BEGIN SUPPLIED INFORMATION

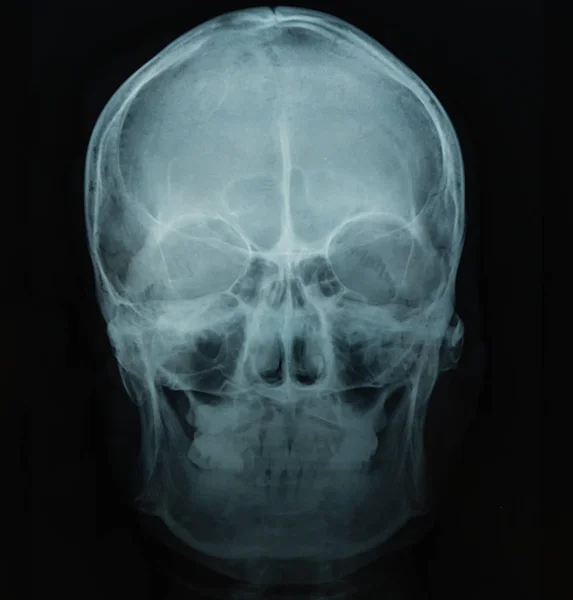 Röntgenbild eines menschlichen Schädels auf schwarzem Hintergrund — Stockfoto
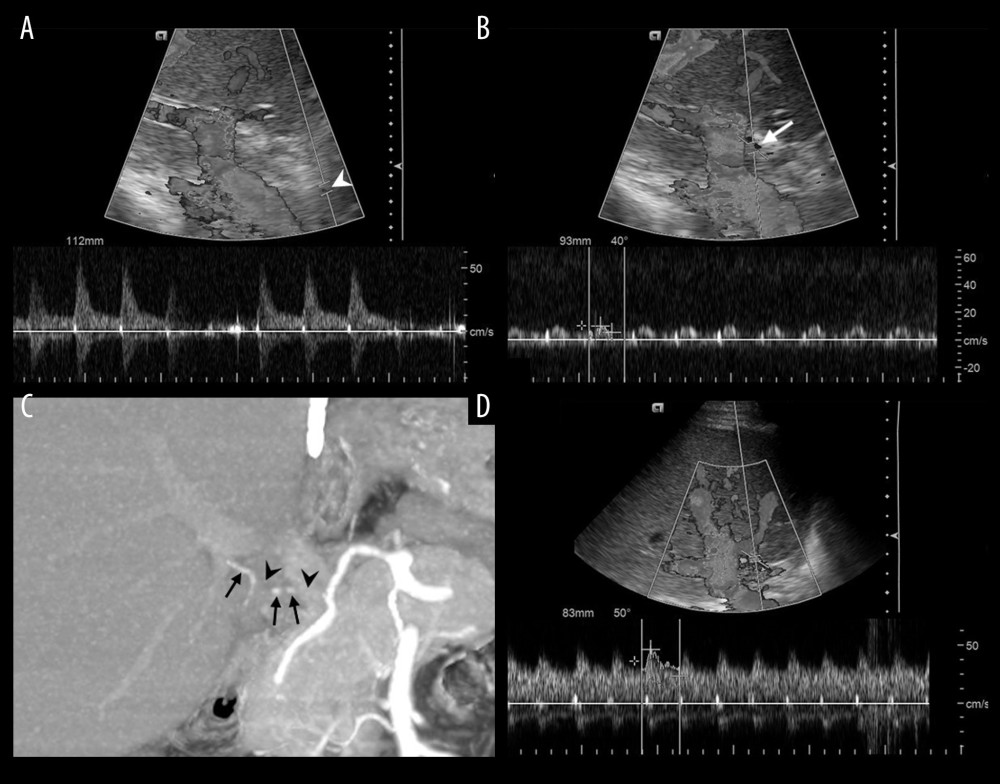 The 66-year-old male hepatocellular carcinoma patient received LDLT with right lobe graft. Right hepatic artery of the graft were anastomosed with the recipient’s right hepatic artery. An abnormal Doppler waveform was detected on post-LDLT day 12. (A) Doppler US demonstrated normal arterial curve at the pre-anastomotic artery (white arrowhead), and (B) tardus parvus waveform at post-anastomotic intrahepatic artery (RI=0.46, PSV=10.1 cm/s, white arrow). (C) Subsequent CTA on the same day demonstrated multifocal disruption of post-anastomotic artery (black arrowheads) and faint opacification of intrahepatic arterial filling (black arrows), suggesting partial occlusion. After IVT, (D) DUS on the next day demonstrated recovered arterial curve (RI=0.64, PSV=47 cm/s).
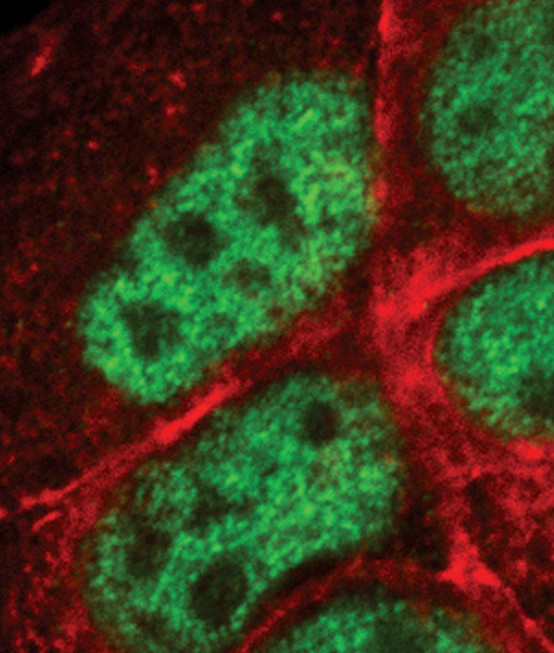 AP2 gamma Antibody in Immunocytochemistry (ICC/IF)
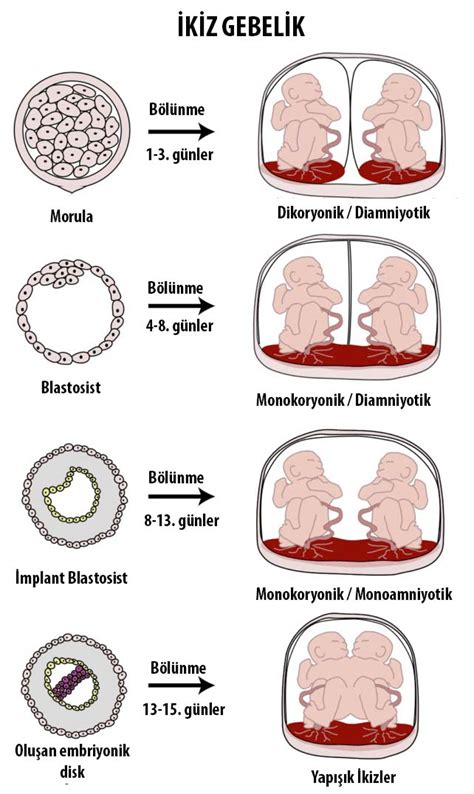 İkiz Gebelik İkiz Gebelik Belirtileri Op Dr Gönül Çimen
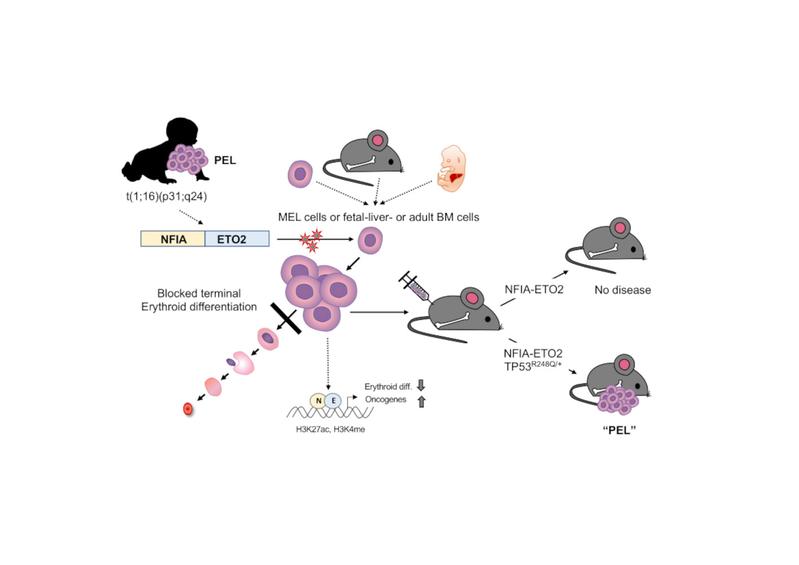 Piqué et al. fanden, dass die mit kindlicher Erythroleukämie («PEL»)-assoziierte NFIA-ETO2 Fusion die Ausreifung erythroider Zellen durch Veränderung der Genexpression blockiert, und zusammen mit einer TP53 Genmutation eine PEL in der Maus auslösen kann. 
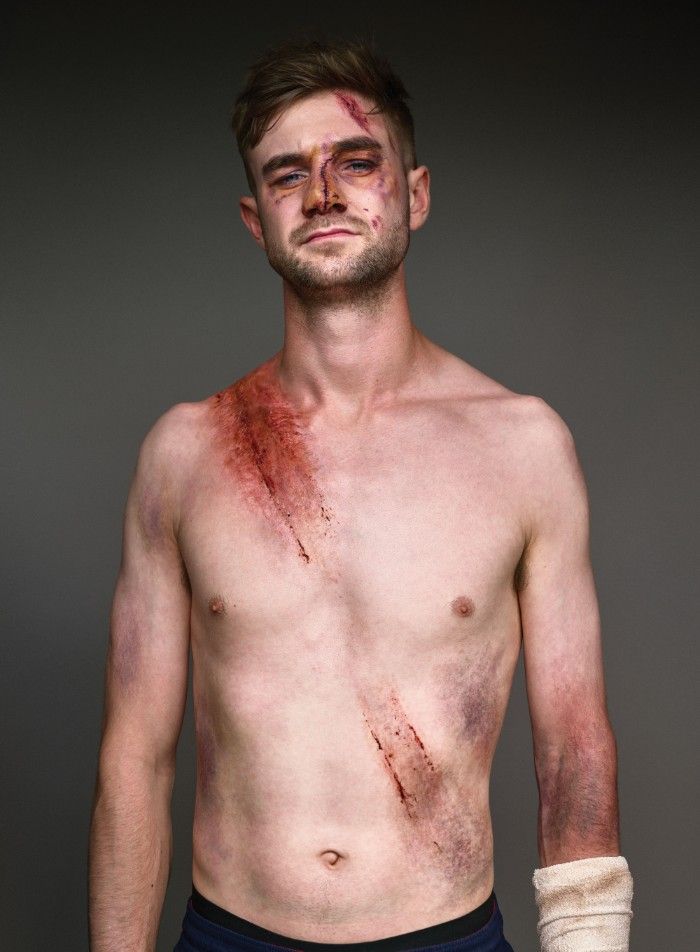 Mężczyzna z ranami po wypadku samochodowym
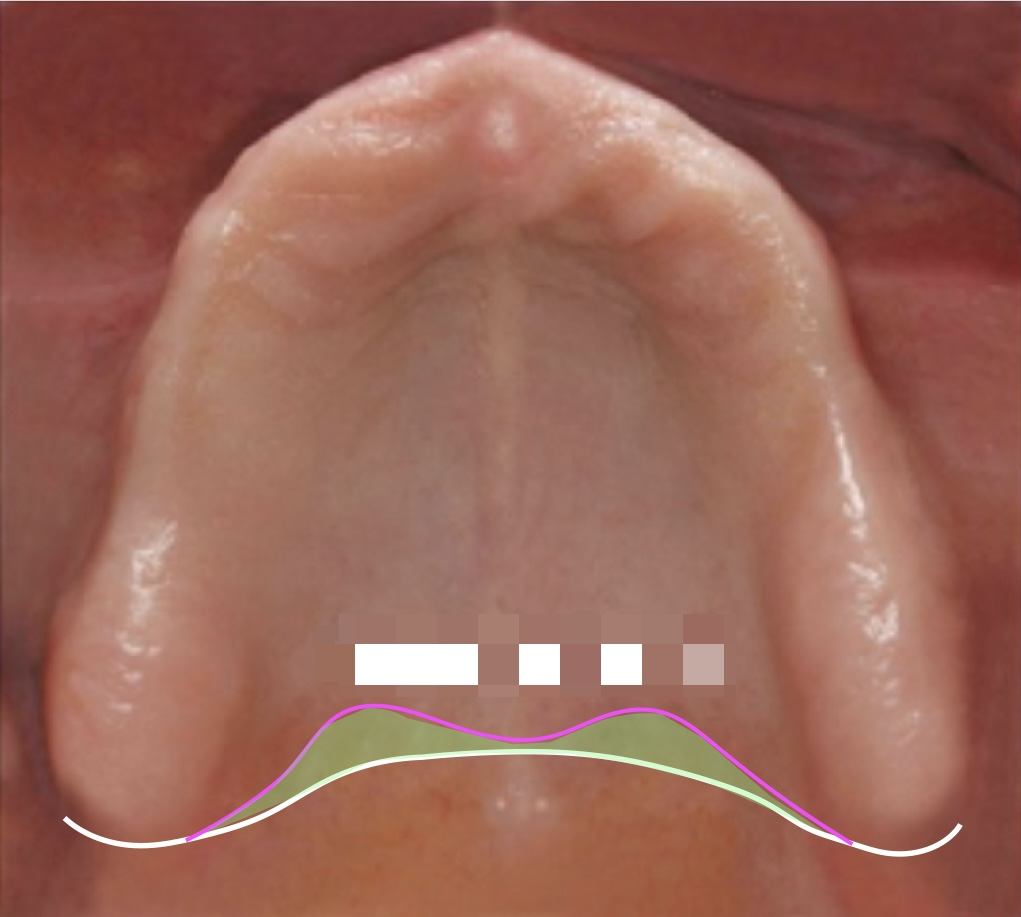 <p>what structure is demonstrated by the green highlight?</p>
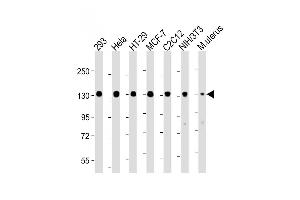All lanes : Anti-Phospho-MYPT1 (Ser507) Antibody: Ctrl at 1:4000 dilution Lane 1: 293 whole cell lysate Lane 2: Hela whole cell lysate Lane 3: HT-29 whole cell lysate Lane 4: MCF-7 whole cell lysate Lane 5: C2C12 whole cell lysate Lane 6: NIH/3T3 whole cell lysate Lane 7: Mouse uterus lysate Lysates/proteins at 20 μg per lane. (PPP1R12A anticorps  (Ser507))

END SUPPLIED INFORMATION

● EXERCISE GOAL
Repeat the material above in full and exactly, omitting the pictures.

● OUTPUT OF THE TASK
 Röntgenbild eines menschlichen Schädels auf schwarzem Hintergrund — Stockfoto
 The 66-year-old male hepatocellular carcinoma patient received LDLT with right lobe graft. Right hepatic artery of the graft were anastomosed with the recipient’s right hepatic artery. An abnormal Doppler waveform was detected on post-LDLT day 12. (A) Doppler US demonstrated normal arterial curve at the pre-anastomotic artery (white arrowhead), and (B) tardus parvus waveform at post-anastomotic intrahepatic artery (RI=0.46, PSV=10.1 cm/s, white arrow). (C) Subsequent CTA on the same day demonstrated multifocal disruption of post-anastomotic artery (black arrowheads) and faint opacification of intrahepatic arterial filling (black arrows), suggesting partial occlusion. After IVT, (D) DUS on the next day demonstrated recovered arterial curve (RI=0.64, PSV=47 cm/s).
 AP2 gamma Antibody in Immunocytochemistry (ICC/IF)
 İkiz Gebelik İkiz Gebelik Belirtileri Op Dr Gönül Çimen
 Piqué et al. fanden, dass die mit kindlicher Erythroleukämie («PEL»)-assoziierte NFIA-ETO2 Fusion die Ausreifung erythroider Zellen durch Veränderung der Genexpression blockiert, und zusammen mit einer TP53 Genmutation eine PEL in der Maus auslösen kann. 
 Mężczyzna z ranami po wypadku samochodowym
 <p>what structure is demonstrated by the green highlight?</p>
All lanes : Anti-Phospho-MYPT1 (Ser507) Antibody: Ctrl at 1:4000 dilution Lane 1: 293 whole cell lysate Lane 2: Hela whole cell lysate Lane 3: HT-29 whole cell lysate Lane 4: MCF-7 whole cell lysate Lane 5: C2C12 whole cell lysate Lane 6: NIH/3T3 whole cell lysate Lane 7: Mouse uterus lysate Lysates/proteins at 20 μg per lane. (PPP1R12A anticorps  (Ser507))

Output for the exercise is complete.